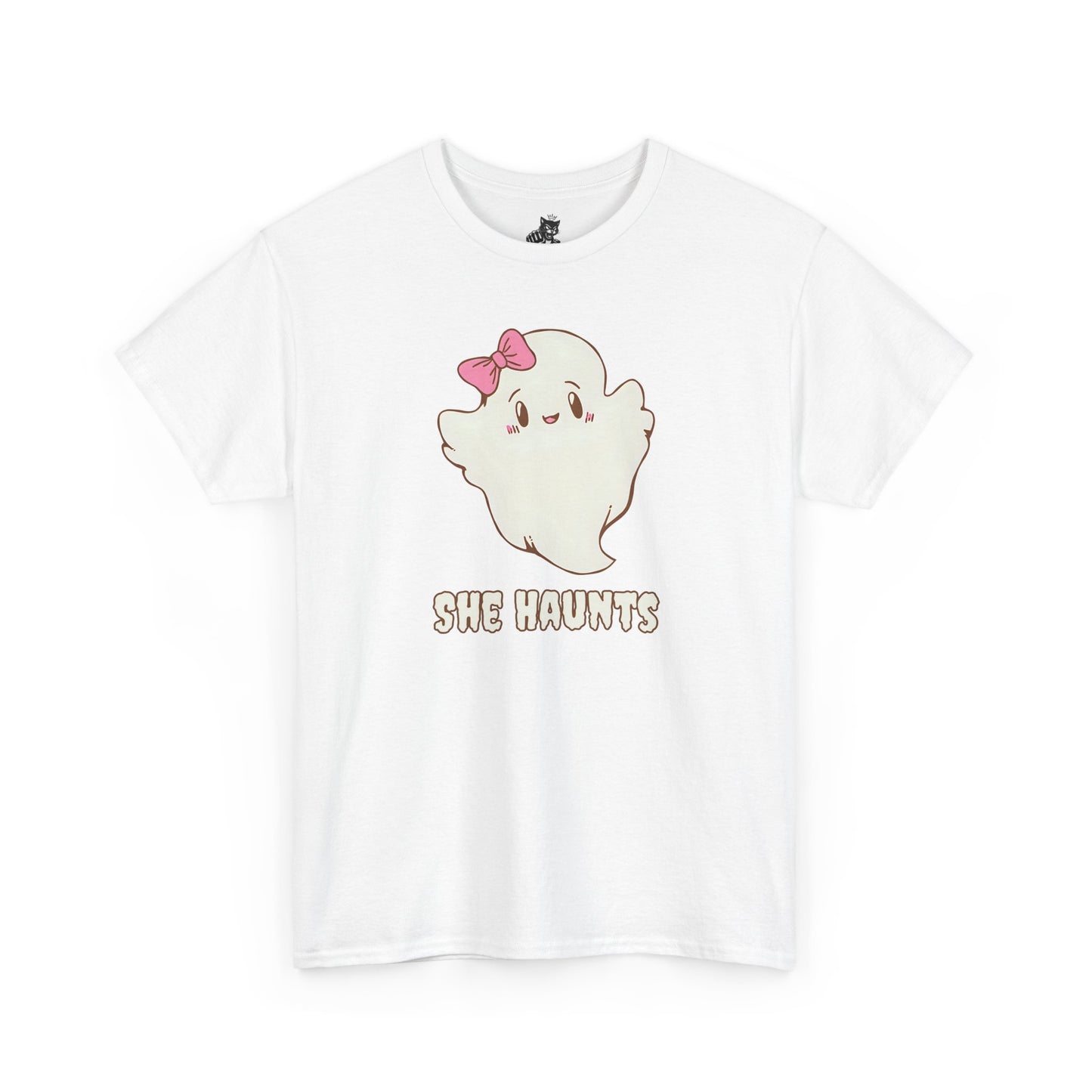 She Haunts (Version 2) - Cute Halloween Ghost T-Shirt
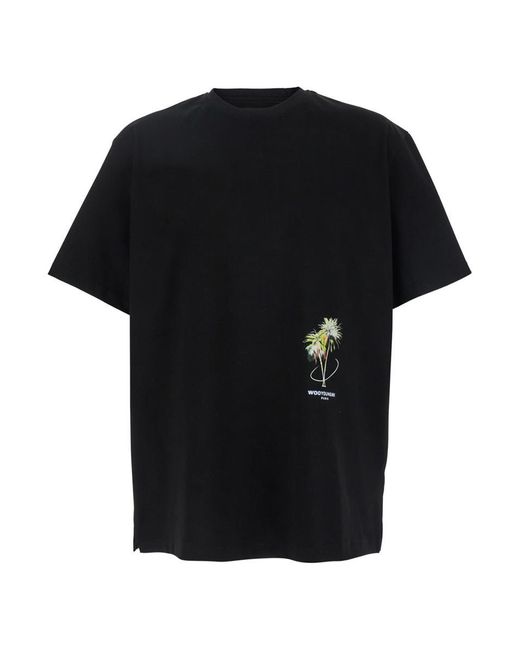 Wooyoungmi Black Crewneck T-Shirt With Logo Detail On The Front And Maxi Logo Print On The Rear for men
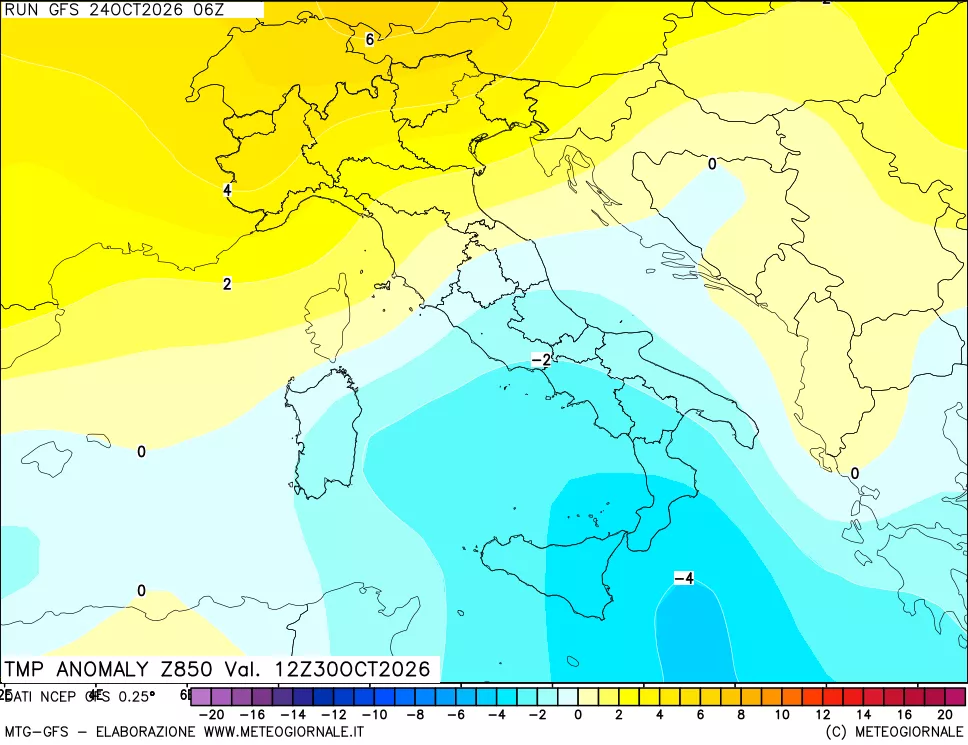 mappa 850 hPa Temp Anomaly vs Cli.No 1981-2010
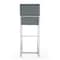 Manhattan Comfort Element 29 Faux Leather Bar Stool in Graphite and Polished Chrome, PK3 3-BS010-GP - alternate 3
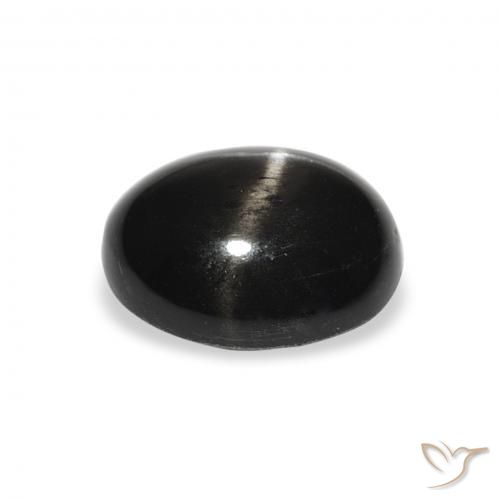 Diopsídio Estelar Preto Natural 4.32ct, oval, Opaco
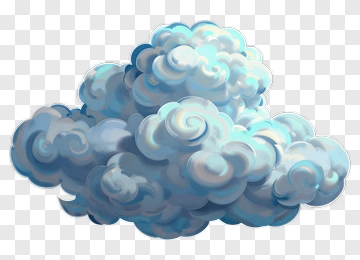 Cartoon Cloud In Blue And White PNG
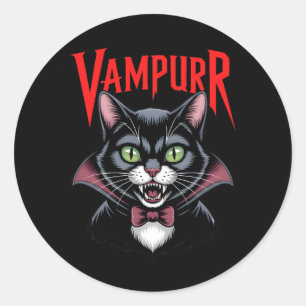 Spooky Dapper Vampier Vampier Cat Halloween Ronde Sticker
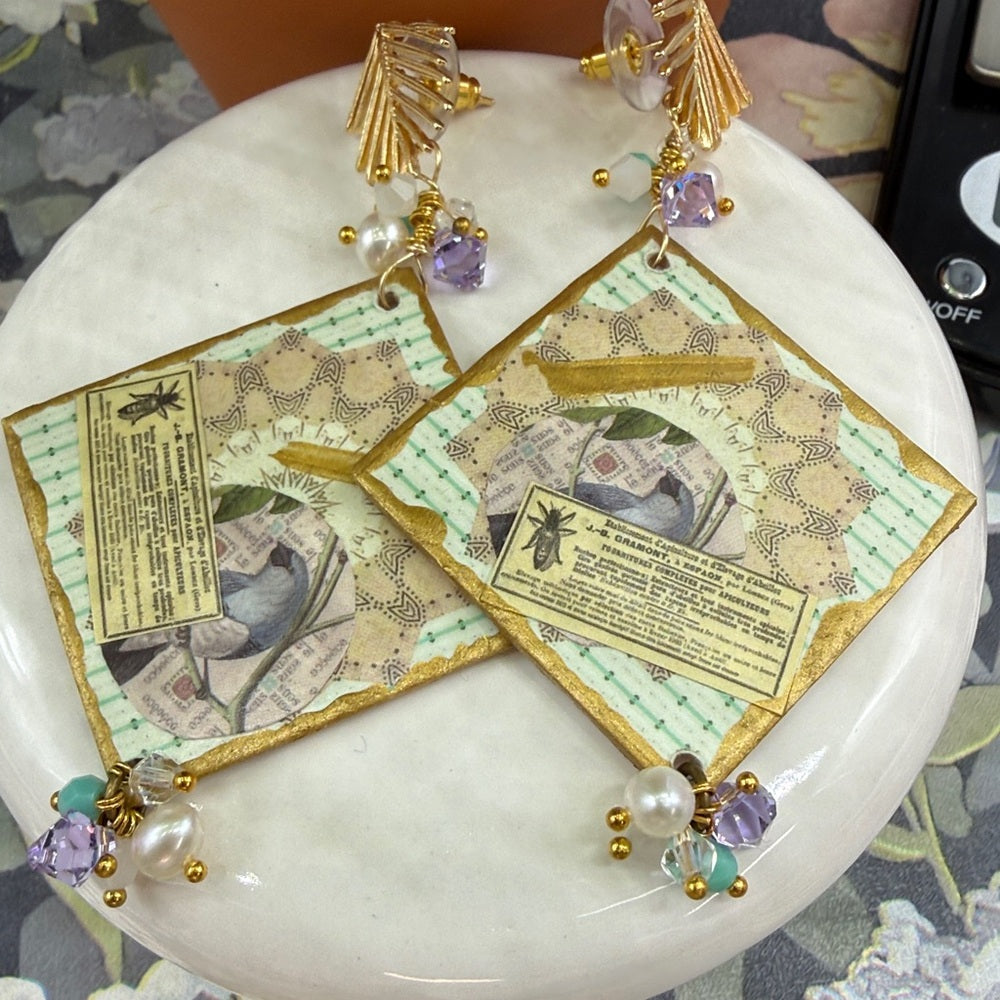 Adorned Crown Jewelry assemblage purple nature wood collage post earrings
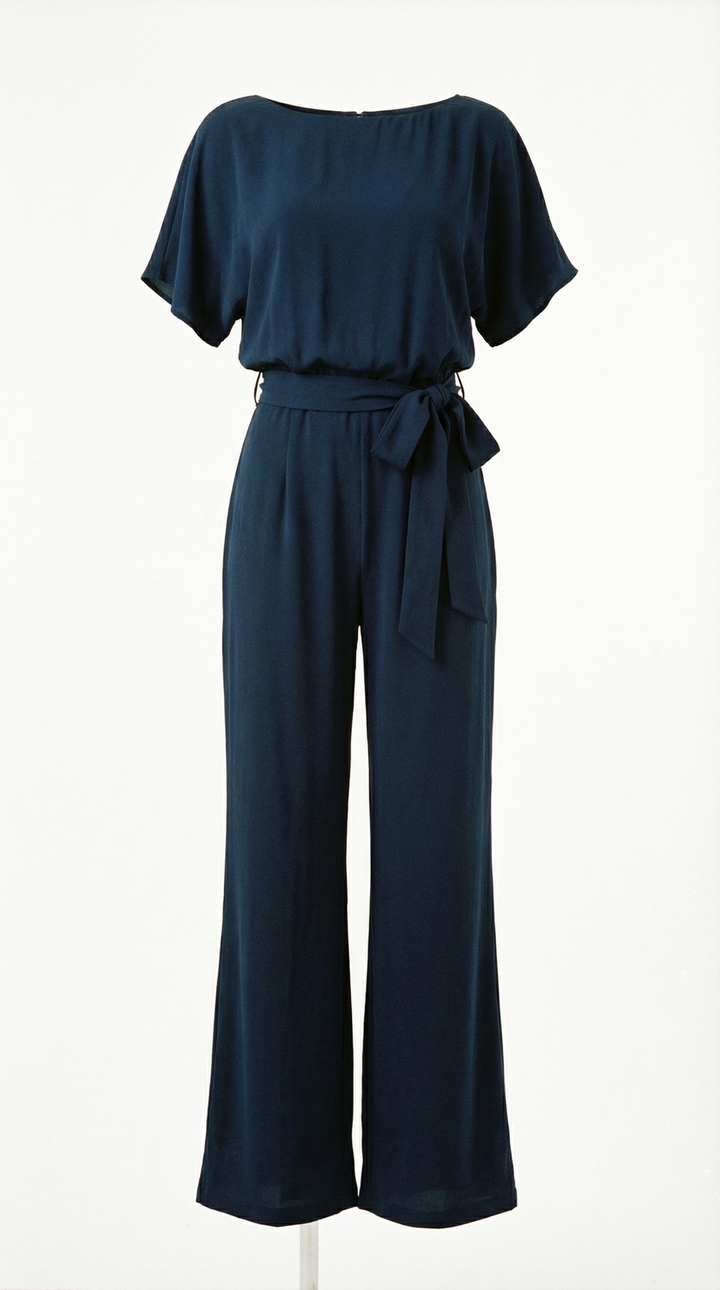 Floriana Tie-Waist Wide-Leg Jumpsuit — Navy Blue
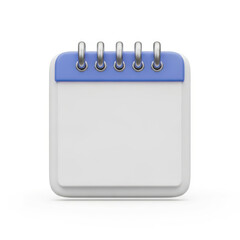 Blank Calendar Page with Blue Top and Silver Rings on White Background Representing Schedule Planning Appointments and Organization for Time Management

-=-=-=-=-

- _Exercise_: Transcribe all of the lines above exactly as given. The pictures stay out.

- _Response to this exercise_:
 She Haunts (Version 2) - Cute Halloween Ghost T-Shirt
 Wooyoungmi Black Crewneck T-Shirt With Logo Detail On The Front And Maxi Logo Print On The Rear for men
 mappa 850 hPa Temp Anomaly vs Cli.No 1981-2010
 Manhattan Comfort Element 29 Faux Leather Bar Stool in Graphite and Polished Chrome, PK3 3-BS010-GP - alternate 3
 Diopsídio Estelar Preto Natural 4.32ct, oval, Opaco
 Cartoon Cloud In Blue And White PNG
 Spooky Dapper Vampier Vampier Cat Halloween Ronde Sticker
 Adorned Crown Jewelry assemblage purple nature wood collage post earrings
 Floriana Tie-Waist Wide-Leg Jumpsuit — Navy Blue
 Blank Calendar Page with Blue Top and Silver Rings on White Background Representing Schedule Planning Appointments and Organization for Time Management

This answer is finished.